___ Supplied material

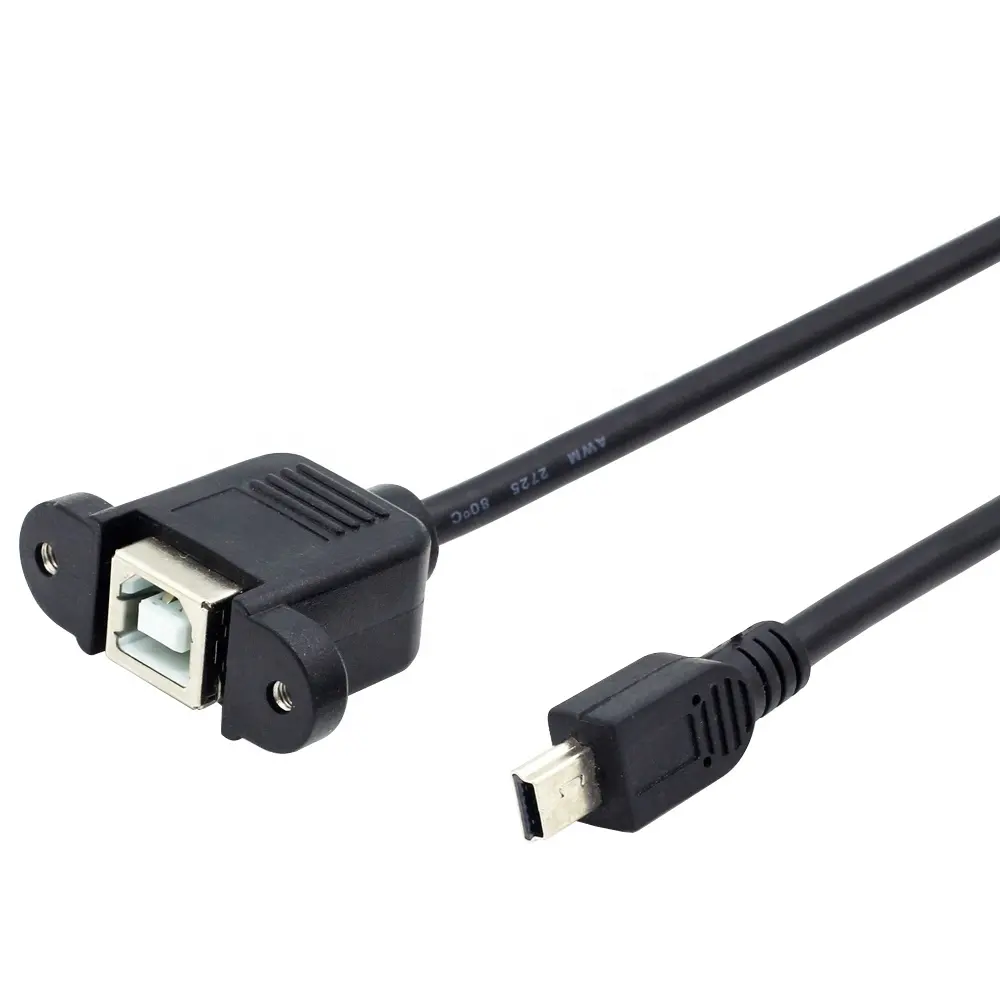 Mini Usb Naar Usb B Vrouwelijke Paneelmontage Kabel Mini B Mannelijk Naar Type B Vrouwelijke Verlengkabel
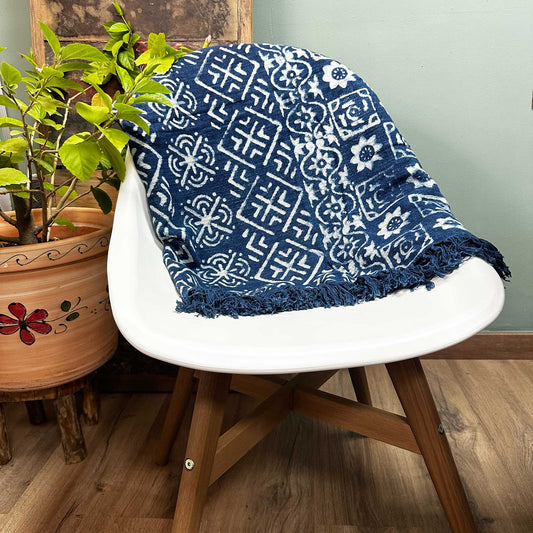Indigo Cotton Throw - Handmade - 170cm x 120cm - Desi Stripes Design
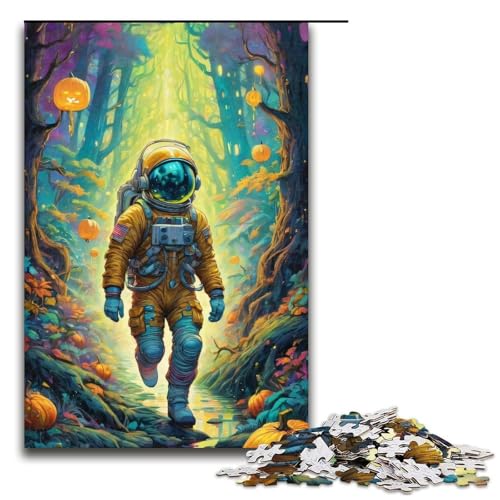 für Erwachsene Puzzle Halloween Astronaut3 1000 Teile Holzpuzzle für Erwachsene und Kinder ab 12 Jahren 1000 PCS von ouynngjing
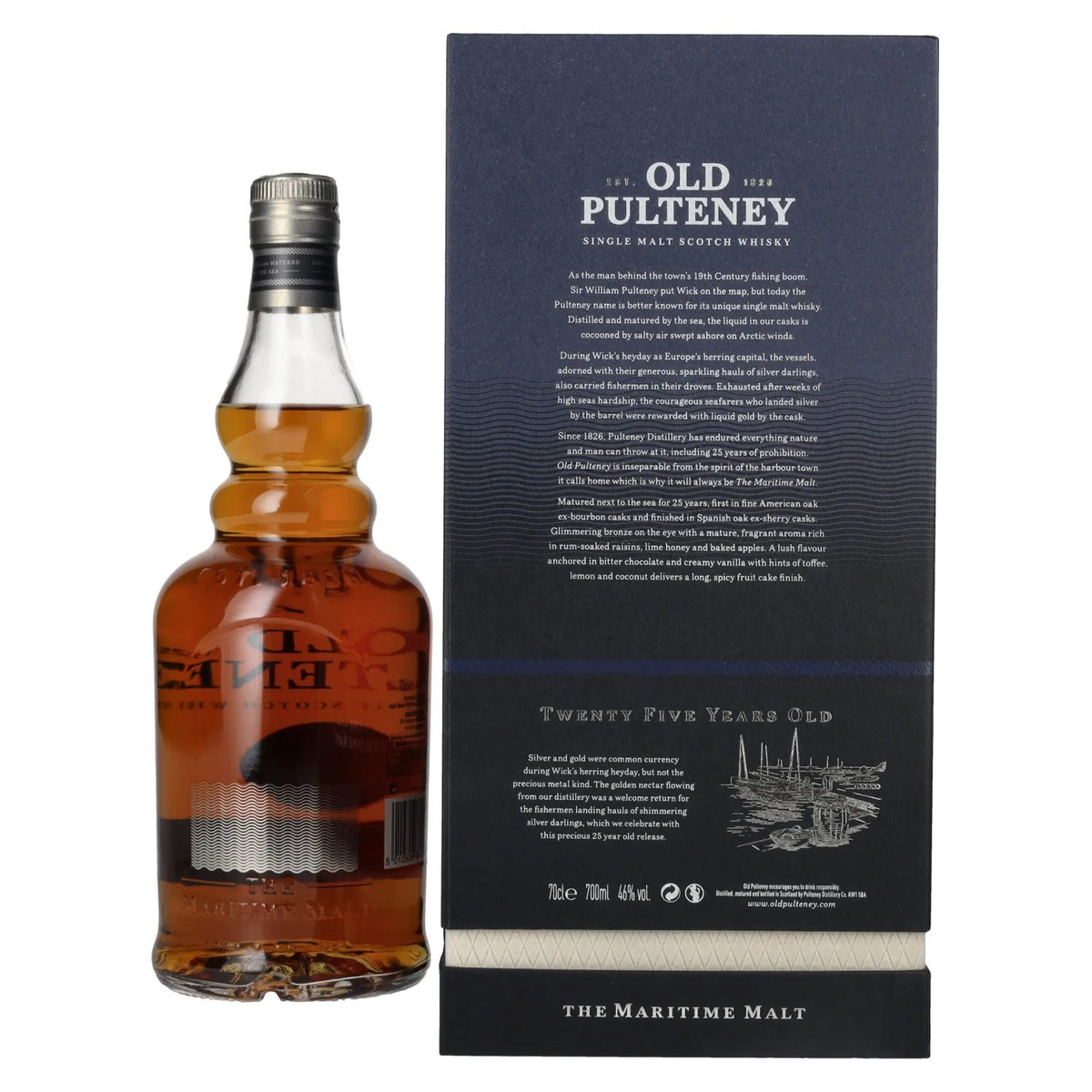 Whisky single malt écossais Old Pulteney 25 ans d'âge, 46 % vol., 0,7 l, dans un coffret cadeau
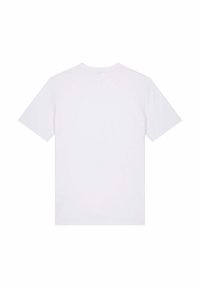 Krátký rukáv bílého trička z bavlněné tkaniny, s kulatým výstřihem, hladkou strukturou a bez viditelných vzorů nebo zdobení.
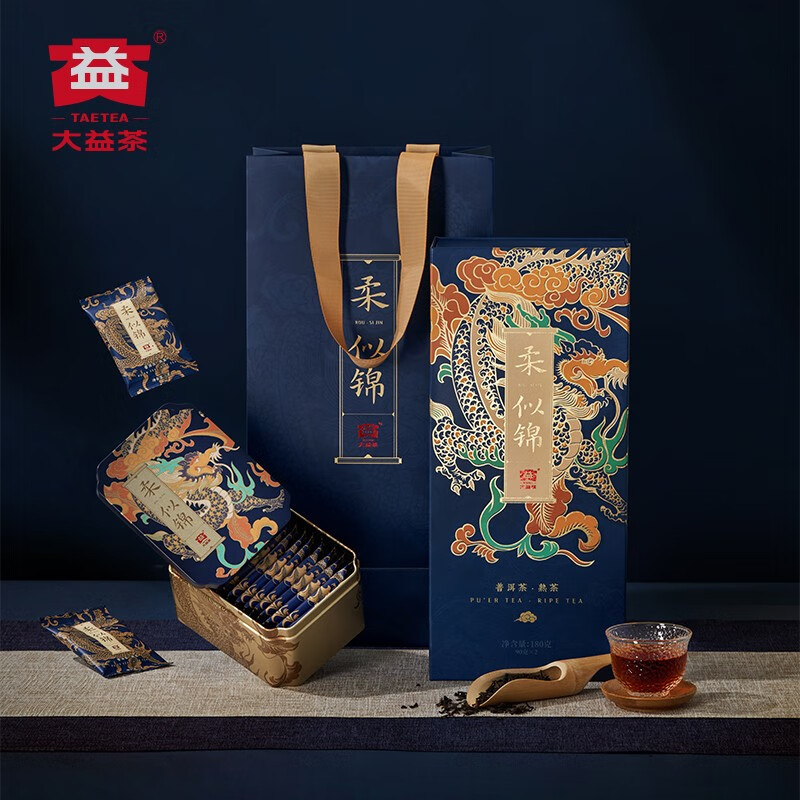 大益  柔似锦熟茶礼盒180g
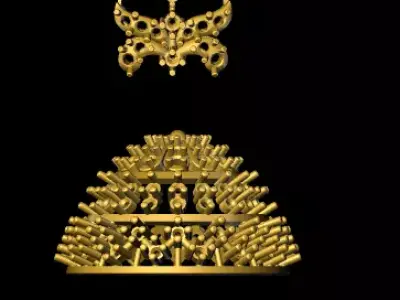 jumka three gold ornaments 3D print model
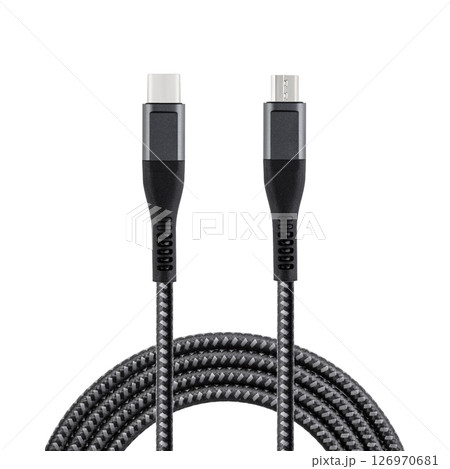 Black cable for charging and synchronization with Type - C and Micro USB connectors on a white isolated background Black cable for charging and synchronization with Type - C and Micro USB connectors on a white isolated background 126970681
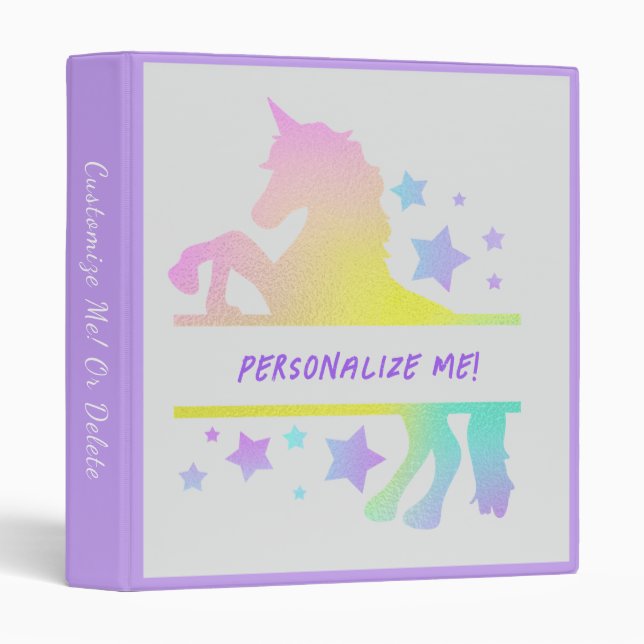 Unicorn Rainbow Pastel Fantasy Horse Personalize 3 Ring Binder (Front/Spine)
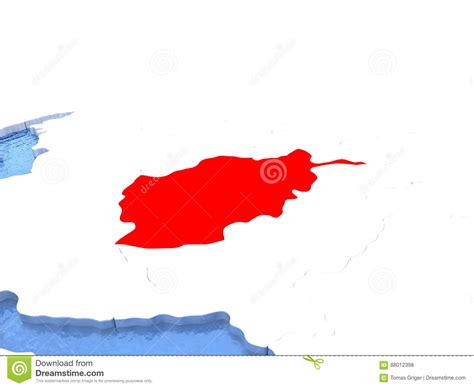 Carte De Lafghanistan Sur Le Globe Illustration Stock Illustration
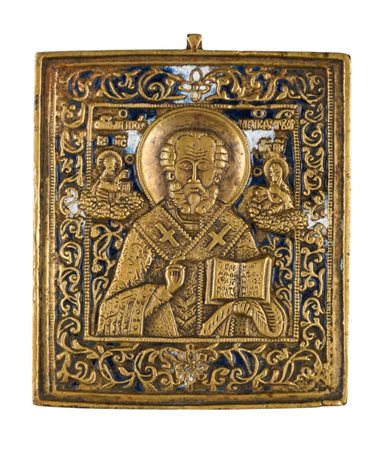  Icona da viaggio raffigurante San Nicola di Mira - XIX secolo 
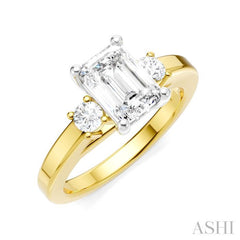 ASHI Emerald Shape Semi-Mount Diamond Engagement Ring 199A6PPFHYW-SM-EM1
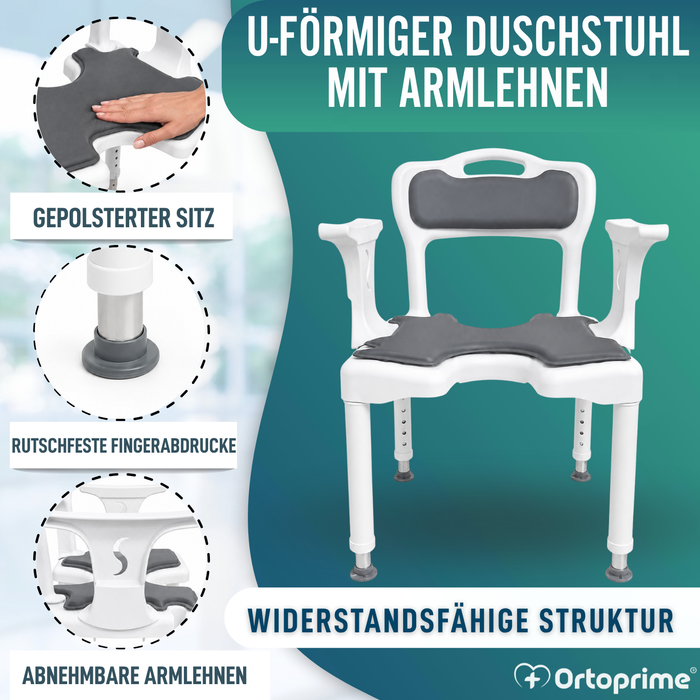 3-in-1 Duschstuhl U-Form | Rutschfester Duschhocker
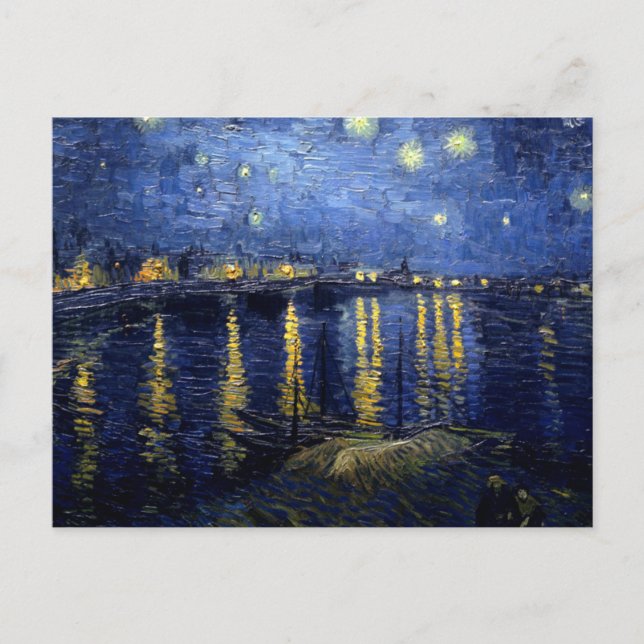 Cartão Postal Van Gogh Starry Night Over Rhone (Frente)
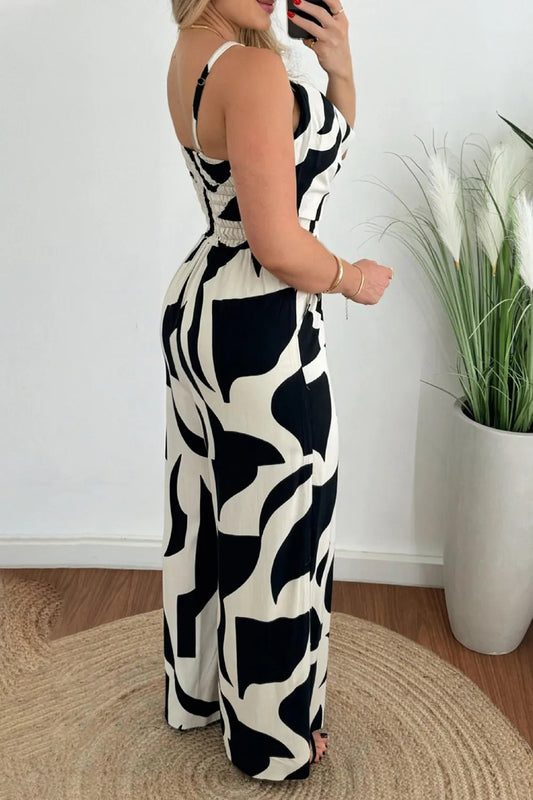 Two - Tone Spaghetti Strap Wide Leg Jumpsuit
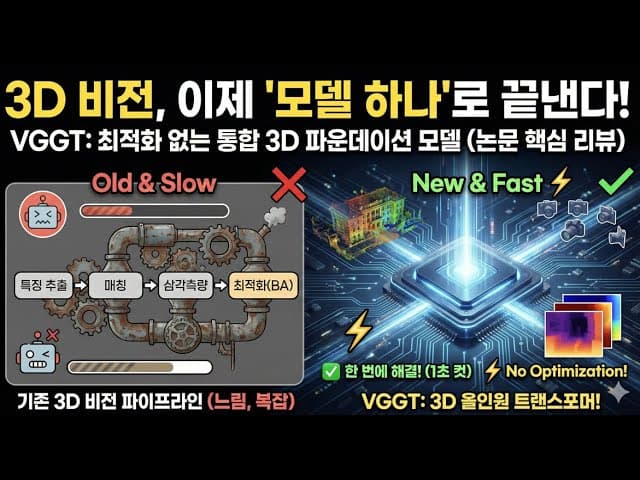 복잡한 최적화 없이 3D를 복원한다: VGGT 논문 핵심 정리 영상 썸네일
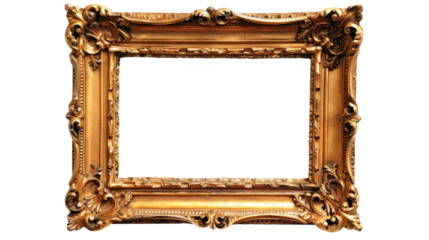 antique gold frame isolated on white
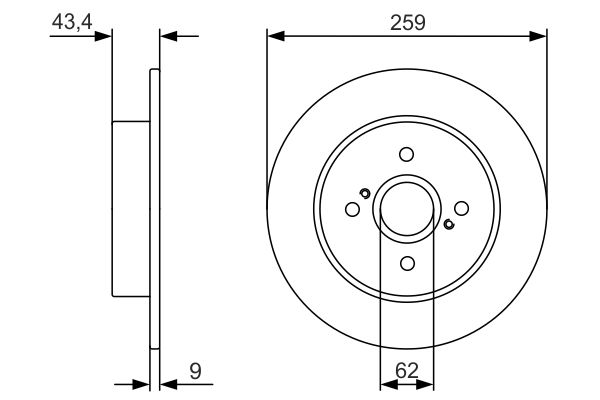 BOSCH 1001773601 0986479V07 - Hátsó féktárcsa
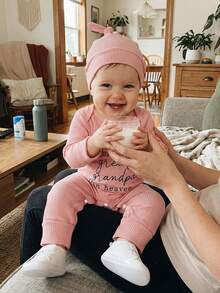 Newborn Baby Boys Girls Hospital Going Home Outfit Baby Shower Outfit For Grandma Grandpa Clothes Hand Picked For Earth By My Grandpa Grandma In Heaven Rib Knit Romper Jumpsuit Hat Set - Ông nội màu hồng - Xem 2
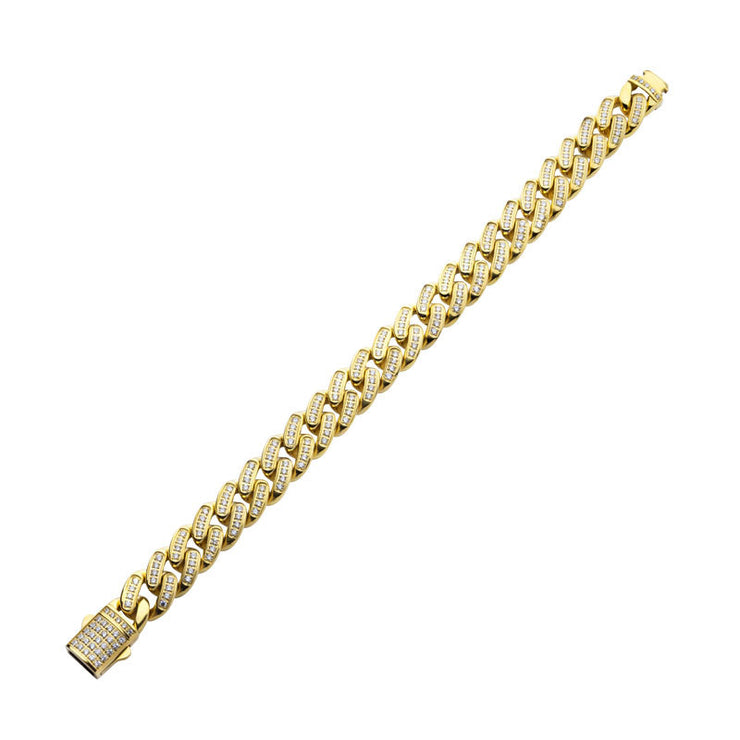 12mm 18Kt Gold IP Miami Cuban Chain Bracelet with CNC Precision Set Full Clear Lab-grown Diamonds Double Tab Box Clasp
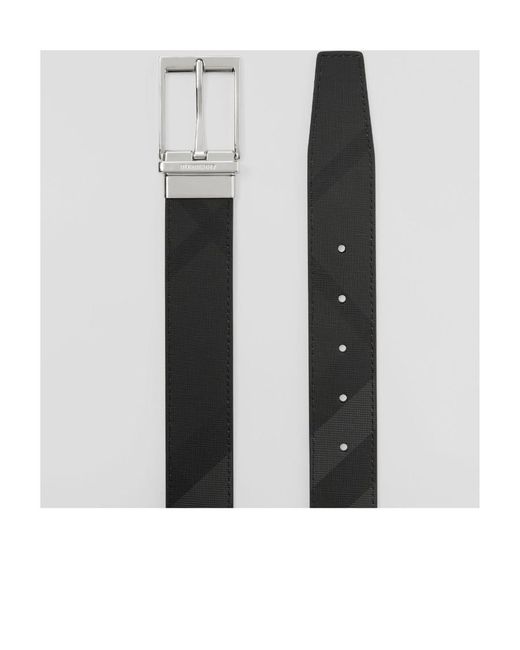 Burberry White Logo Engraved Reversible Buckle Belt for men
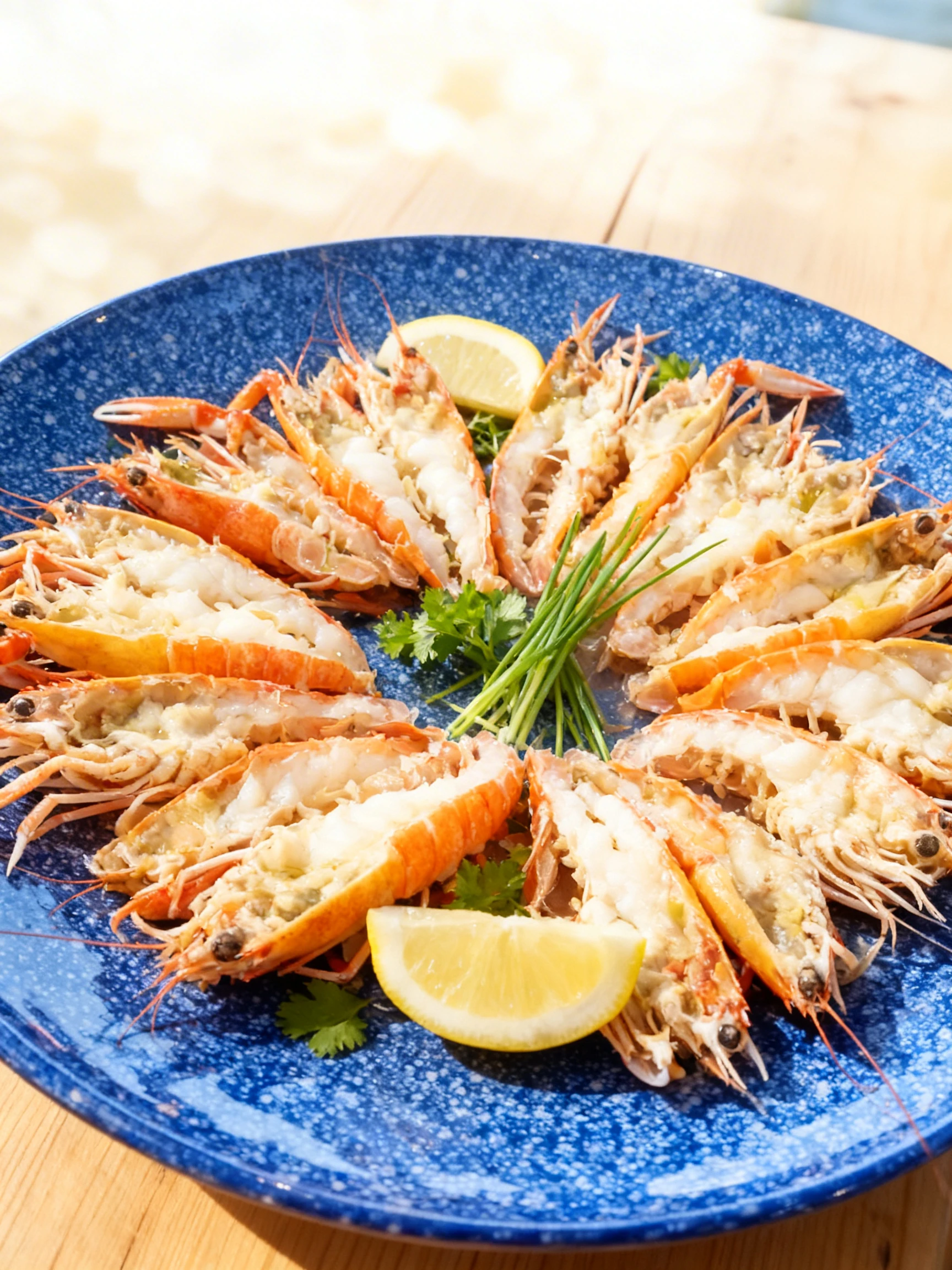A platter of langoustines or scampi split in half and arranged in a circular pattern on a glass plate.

______

Print exactly, and only, the lines from the line containing "12mm 18Kt Gold" to the last line of the material above, with every picture left out.

Reply to the task:
 12mm 18Kt Gold IP Miami Cuban Chain Bracelet with CNC Precision Set Full Clear Lab-grown Diamonds Double Tab Box Clasp
 Burberry White Logo Engraved Reversible Buckle Belt for men
A platter of langoustines or scampi split in half and arranged in a circular pattern on a glass plate.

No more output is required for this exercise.